DATASET RECORDS START
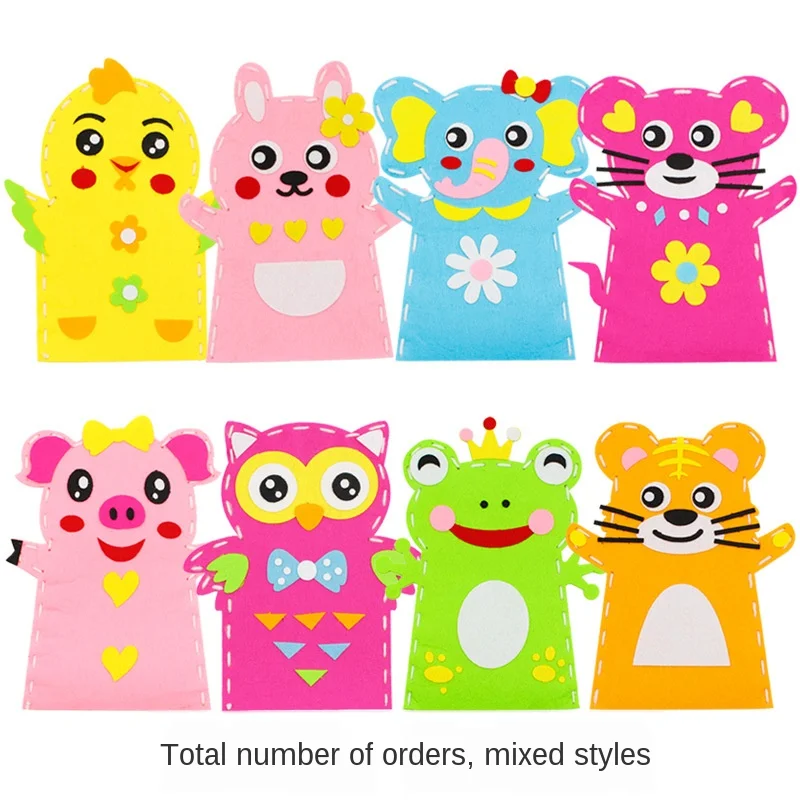 

8 Designs/set DIY Sewing Kit Kids Felt Toys on Hand for Puppet Theater Craft Story Telling Animal Frog Educational Girl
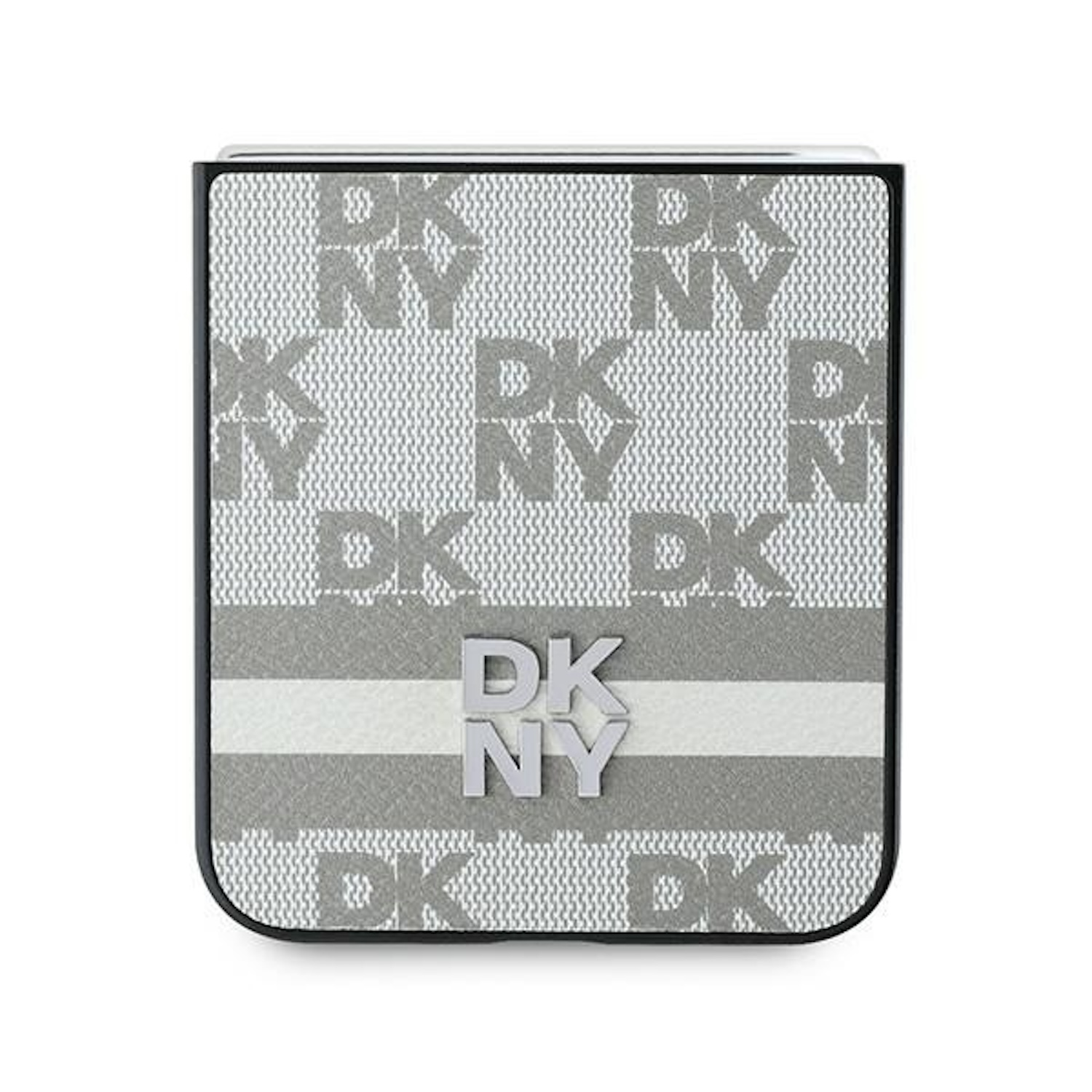 Portafoglio DKNY con motivo logo ripetuto e striscia bianca. Bordo nero.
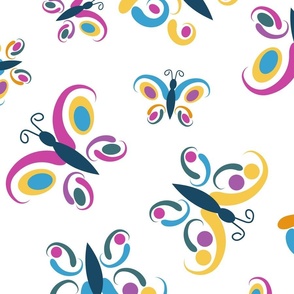 Cute Butterflies For Kids on a Cream Background (XX-Large)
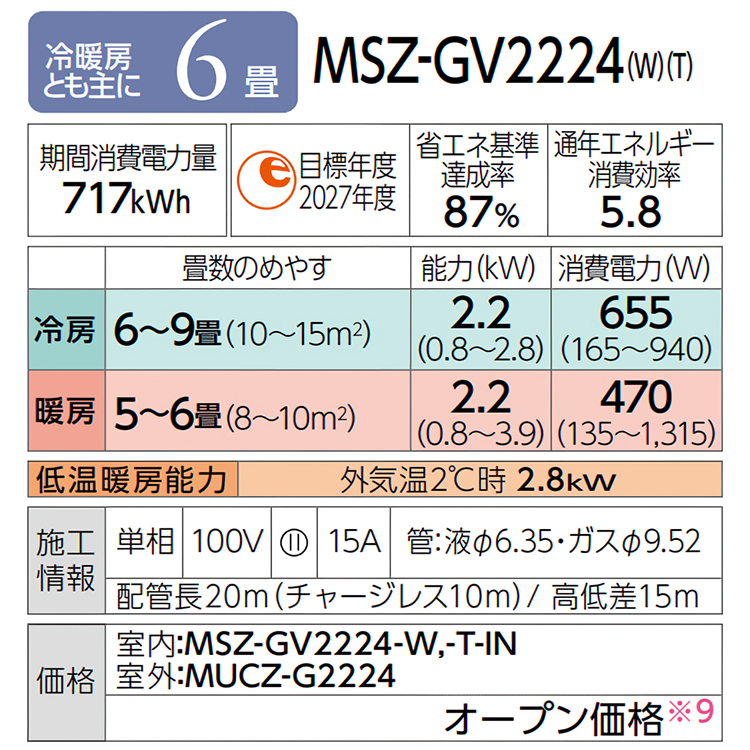 霧ヶ峰 東京 神奈川地域限定 標準取付工事費込 エアコン同配 おもに6畳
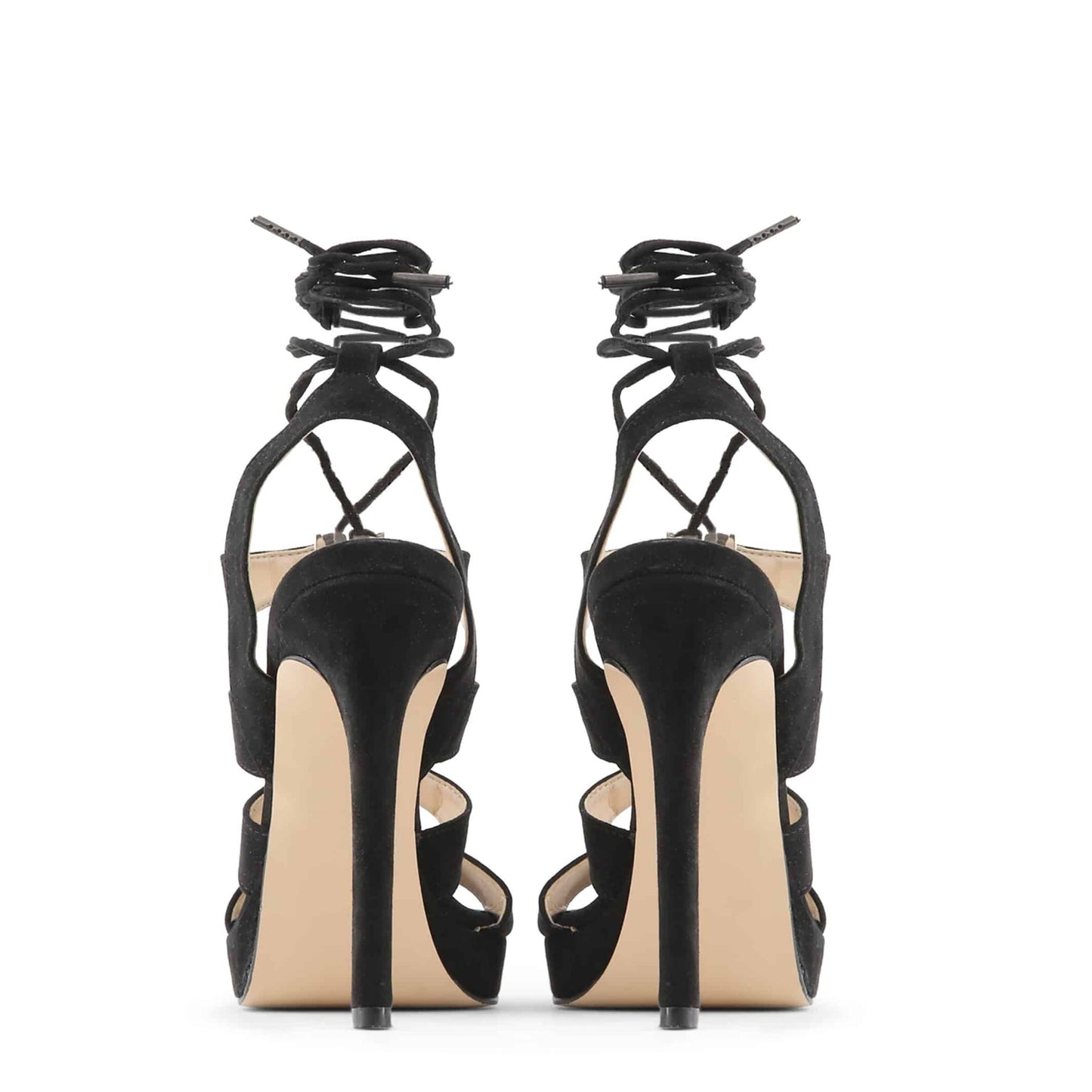 Made in Italia - Sandales Femme en Daim Synthétique Noir à Talon Haut 12,5 cm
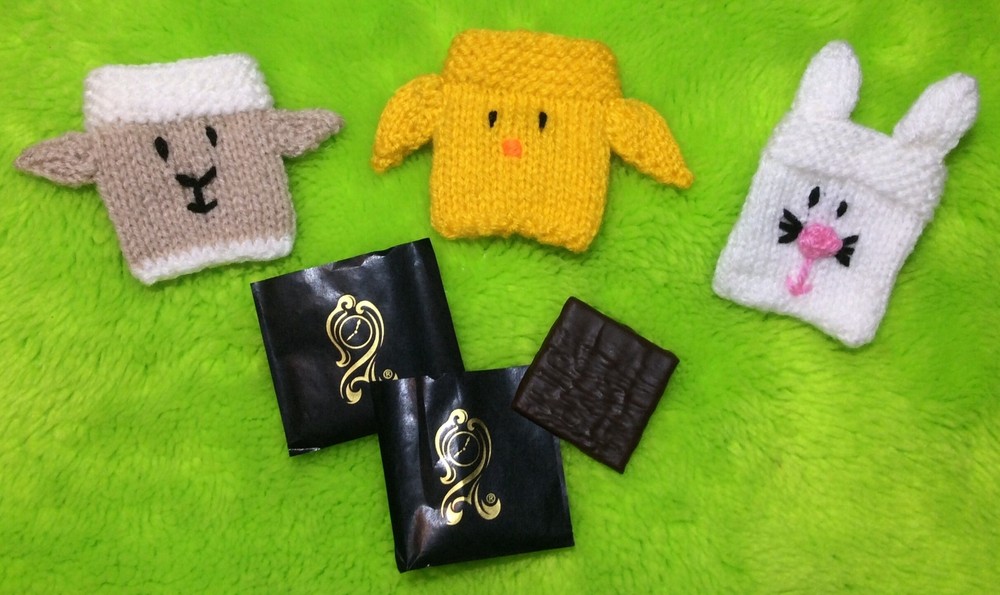 KNITTING PATTERN - Easter Mint Covers fits After Eight- Chick, Lamb, Bunny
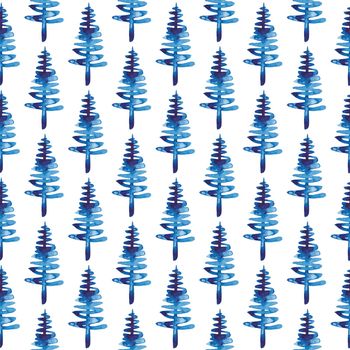 XMAS watercolor Fir Tree Seamless Pattern in Blue Color. Hand Painted Spruce Pine tree background or wallpaper for Ornament, Wrapping or Christmas Decoration.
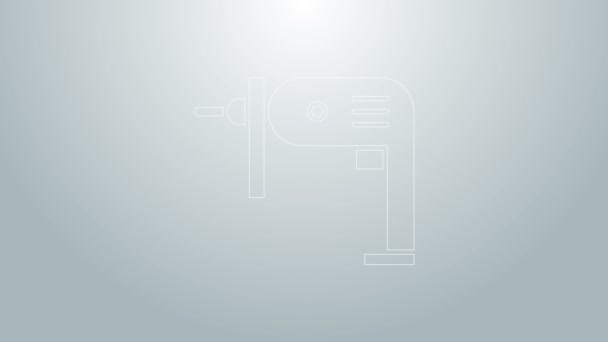 Modrá čára Ikona elektrického vrtačky izolovaná na šedém pozadí. Opravářský nástroj. Grafická animace pohybu videa 4K — Stock video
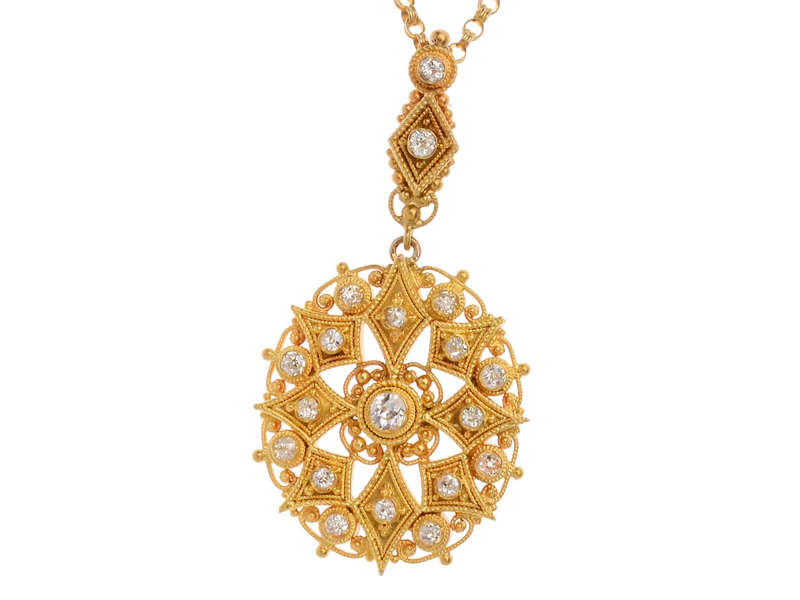 Bead Work - Victorian Diamond Pendant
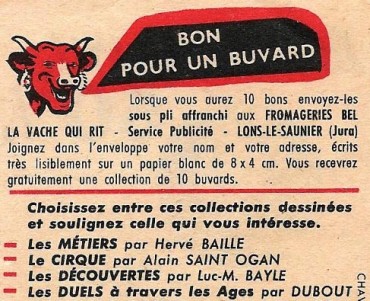 Bon pour Buvard La vache qui rit 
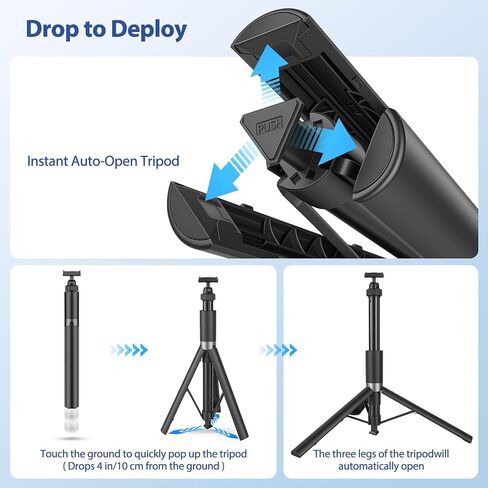 Walking Way 66"/168CM Auto-Open Selfie Stick Tripod, Invisible Selfie Stick for DJI Osmo Action 5 Pro/4/3/360, 360° Rotatable Pop-Open Camera Stand, Stable Throwpod for Travel/Vlog in Kuwait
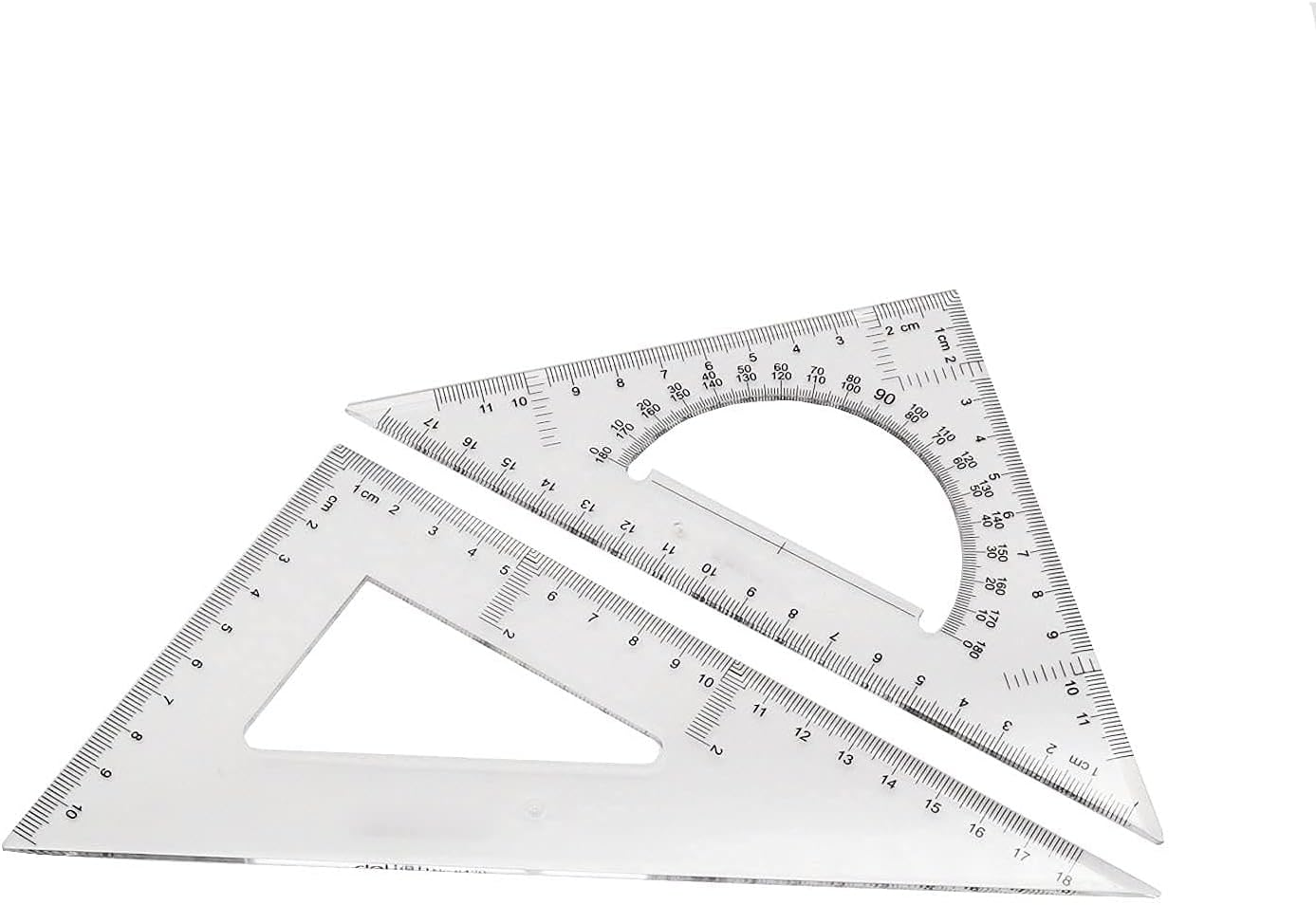 Pack of 2 Transparent Triangle Plastic Ruler Scale Set Square:30/60 Degree & 45/90 Degree Angle Acrylic Architectural Drawing Drafting Tool School Classroom Kids Triangular Rulers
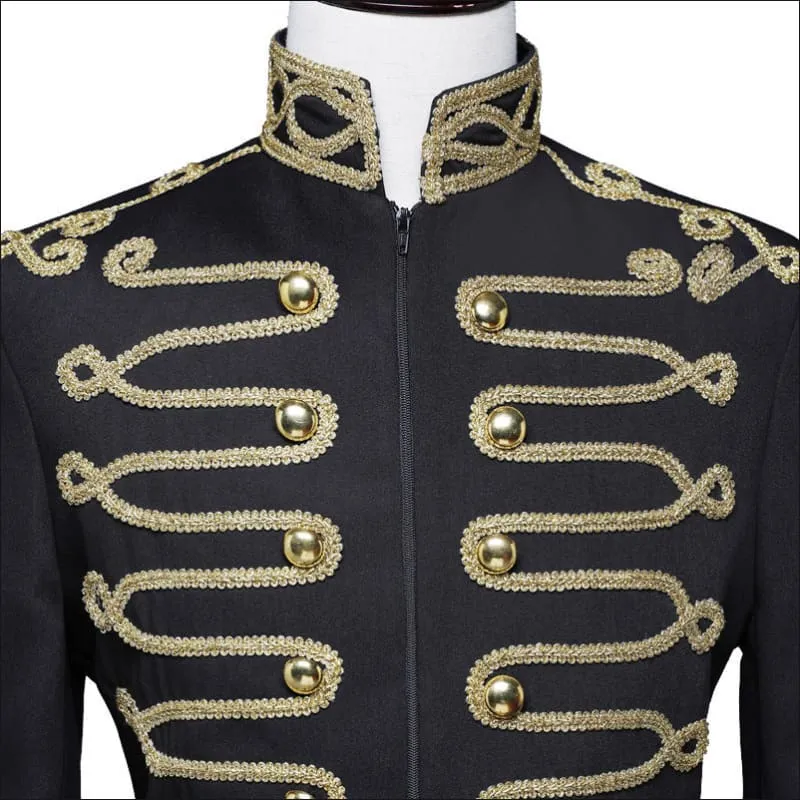 Men's Gold Inlaid Zip Court Army Jacket in Black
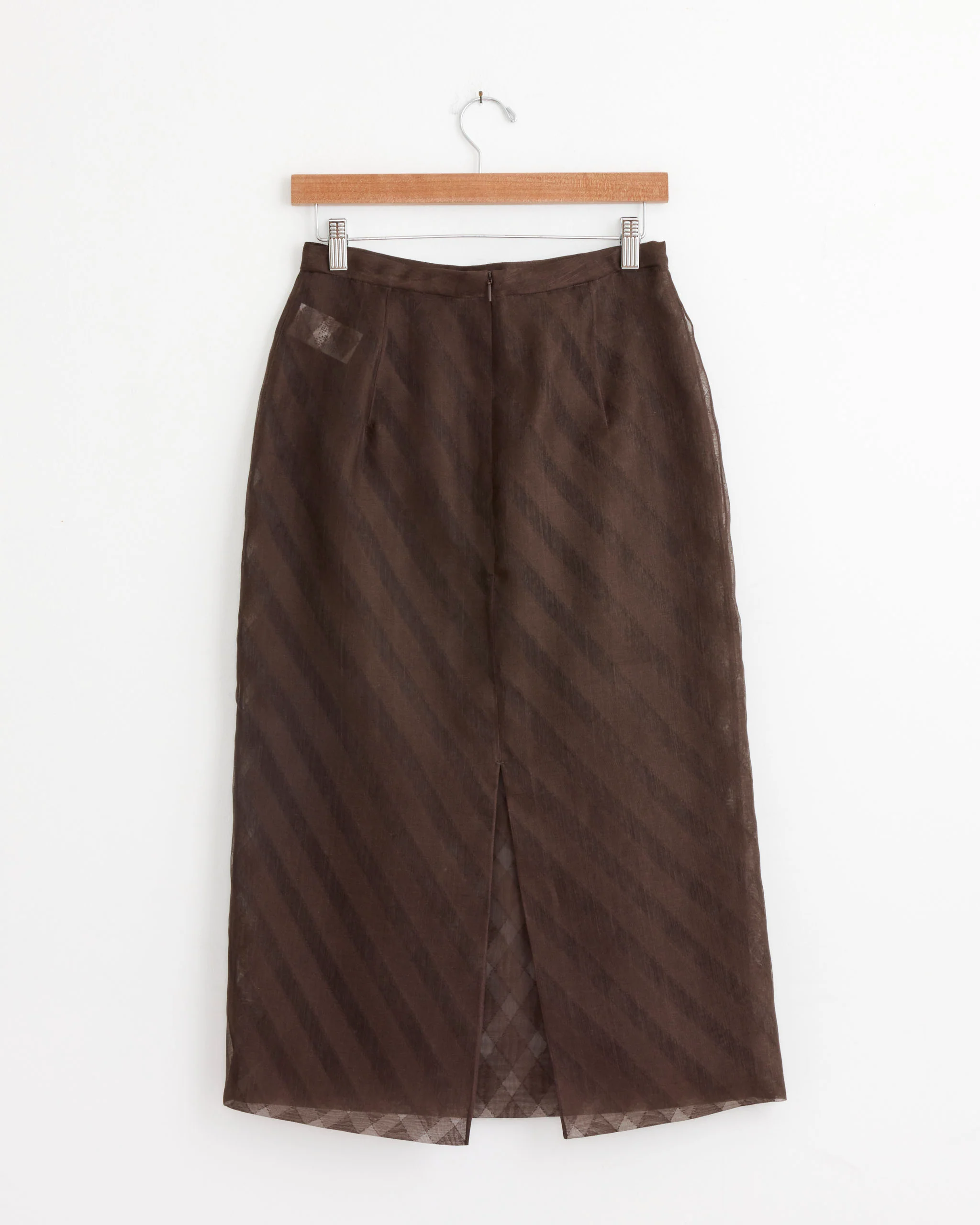Sheer Silk Pencil Skirt in Dark Brown - Image 4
DATASET RECORDS END
YOUR TASK: Transcribe the data exactly and leave no picture in the copy.

REPLY:
8 Designs/set DIY Sewing Kit Kids Felt Toys on Hand for Puppet Theater Craft Story Telling Animal Frog Educational Girl
 Portafoglio DKNY con motivo logo ripetuto e striscia bianca. Bordo nero.
 Cute Butterflies For Kids on a Cream Background (XX-Large)
 霧ヶ峰 東京 神奈川地域限定 標準取付工事費込 エアコン同配 おもに6畳
 Made in Italia - Sandales Femme en Daim Synthétique Noir à Talon Haut 12,5 cm
 KNITTING PATTERN - Easter Mint Covers fits After Eight- Chick, Lamb, Bunny
 XMAS watercolor Fir Tree Seamless Pattern in Blue Color. Hand Painted Spruce Pine tree background or wallpaper for Ornament, Wrapping or Christmas Decoration.
 Modrá čára Ikona elektrického vrtačky izolovaná na šedém pozadí. Opravářský nástroj. Grafická animace pohybu videa 4K — Stock video
 Bead Work - Victorian Diamond Pendant
 Bon pour Buvard La vache qui rit 
 Walking Way 66"/168CM Auto-Open Selfie Stick Tripod, Invisible Selfie Stick for DJI Osmo Action 5 Pro/4/3/360, 360° Rotatable Pop-Open Camera Stand, Stable Throwpod for Travel/Vlog in Kuwait
 Pack of 2 Transparent Triangle Plastic Ruler Scale Set Square:30/60 Degree & 45/90 Degree Angle Acrylic Architectural Drawing Drafting Tool School Classroom Kids Triangular Rulers
 Men's Gold Inlaid Zip Court Army Jacket in Black
Sheer Silk Pencil Skirt in Dark Brown - Image 4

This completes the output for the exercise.